İş Sağlığı ve Güvenliği Kanunu
Esasen, 2012 yılında yürürlüğe giren 6331 sayılı İş Sağlığı ve Güvenliği Kanunu tüm sektörleri ve çalışanları kapsadığından, sınırlı olarak tanımlanmış “kapsam dışı” kalanlar arasında tarım sektörü bulunmadığından, tarım işlerinin tümü dolayısıyla mevsimlik tarım işleri ve bu işlerde çalışanlar da İş Sağlığı ve Güvenliği Kanunu kapsamında bulunuyor. Bu nedenle, mevsimlik tarım işçileri de, sağlık ve güvenlik açısından düzenlenmiş bu yasanın dolayısıyla iş denetiminin kapsamında. Yani, 6331 sayılı İş Sağlığı ve Güvenliği Kanunu ve ilgili yönetmeliklerinin mevsimlik tarım işyerlerinde de uygulanması gerekiyor. Şu halde, mevsimlik tarım işçilerini çalıştıran toprak sahipleri, hem 6331 sayılı İş Sağlığı ve Güvenliği Kanunu hem 6098 sayılı Borçlar Kanunu, hem de kapsama giren tarım işyerleri için 4857 sayılı İş Kanunu açısından işveren statüsündedirler. Özetle, mevsimlik tarım işçilerine karşı onları çalıştıran toprak sahibi işverenler, onların sağlıklı ve güvenli ortamlarda çalışmalarını sağlamaktan birinci derecede sorumludurlar. Örneğin, işyerinde (tarlada) meydana gelebilecek, sakatlanma veya ölümle sonuçlanabilecek kazalar, 6331 sayılı Kanun kapsamında iş kazasıdır ve toprak sahibi işveren doğrudan sorumludur.
2010 Genelgesinin sorunları
Zaten, toprak sahibi işverenin bu konumundan dolayı, 2010/6 sayılı genelgede, bazı yükümlülükler örneğin mevsimlik tarım işçilerinin barınma yerlerinin temininde işveren öncelikle yükümlü tutulmuştu.

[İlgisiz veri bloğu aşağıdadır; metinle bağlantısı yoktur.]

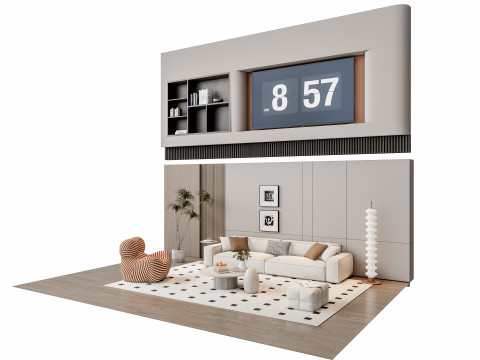 Sofa Coffee table Wall panel Living Combination 12 Modèle 3D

Halbuki, 6331 sayılı İş Sağlığı ve Güvenliği Kanunu’nun hayata geçmesine ve tarım işleri, dolayısıyla mevsimlik tarım işleri de kanun kapsamında olmasına karşın, bu kanundan kaynaklanan yükümlülüklerin işveren tarafından yerine getirilmesi doğrultusunda toprak sahibi işverenlerin geçen sürede etkin ve yaygın biçimde bilgilendirilmesi, eğitilmesi, denetlenmesi söz konusu olmamış, yasal gelişmeler bağlamında 2010/6 sayılı genelge gözden geçirilmeden yürürlükte kalmıştır. Üstelik, geçen süre içinde yerelde bazı iyi niyetli çabalara ve uygulamalara karşın, genelge hükümlerinin hayata geçemediğini söylemek de haksızlık olmayacaktır.

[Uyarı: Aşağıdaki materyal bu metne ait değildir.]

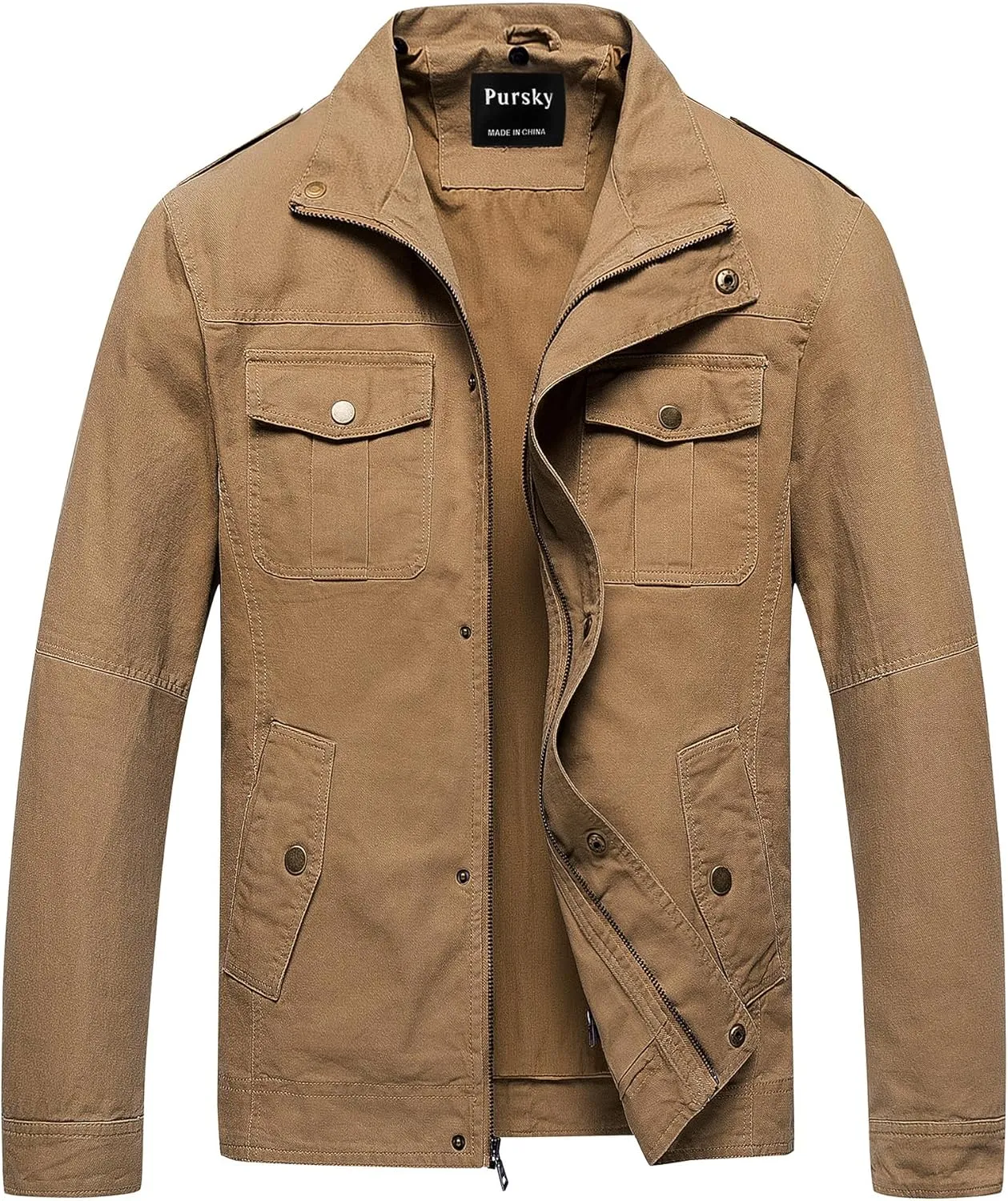 Pursky Men's Military Jacket Casual Washed Cotton Hooded Canvas Coat Fall Coat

2017 Genelgesi’nde neler var?
Nitekim, uygulamada etkisiz kalan 2010/6 sayılı genelge yürürlükten kaldırıldı ve yerine 2017/6 sayılı genelge yürürlüğe konuldu (RG:19.04.2017/30043). Bugün, özellikle 2012 yılında yürürlüğe giren 6331 sayılı İş Sağlığı ve Güvenliği Kanunu kapsamında olmaları nedeniyle, mevsimlik tarım işlerinde toprak sahibi işverenlerin yükümlülükleri açık olarak bilindiğinden yeni genelgede, işveren yükümlülüklerini önceleyen ve kamu tarafından üstlenilecek konuları düzenleyen bir yaklaşımın benimsenmesi beklenirdi. Halbuki, 2017/6 sayılı genelgede, yükümlülüklerin tamamen kamu yönetimlerine ve kaynaklarına bırakıldığı, değil yükümlülüklerin hatırlatılması, işveren kavramının dahi kullanılmadığı görülüyor.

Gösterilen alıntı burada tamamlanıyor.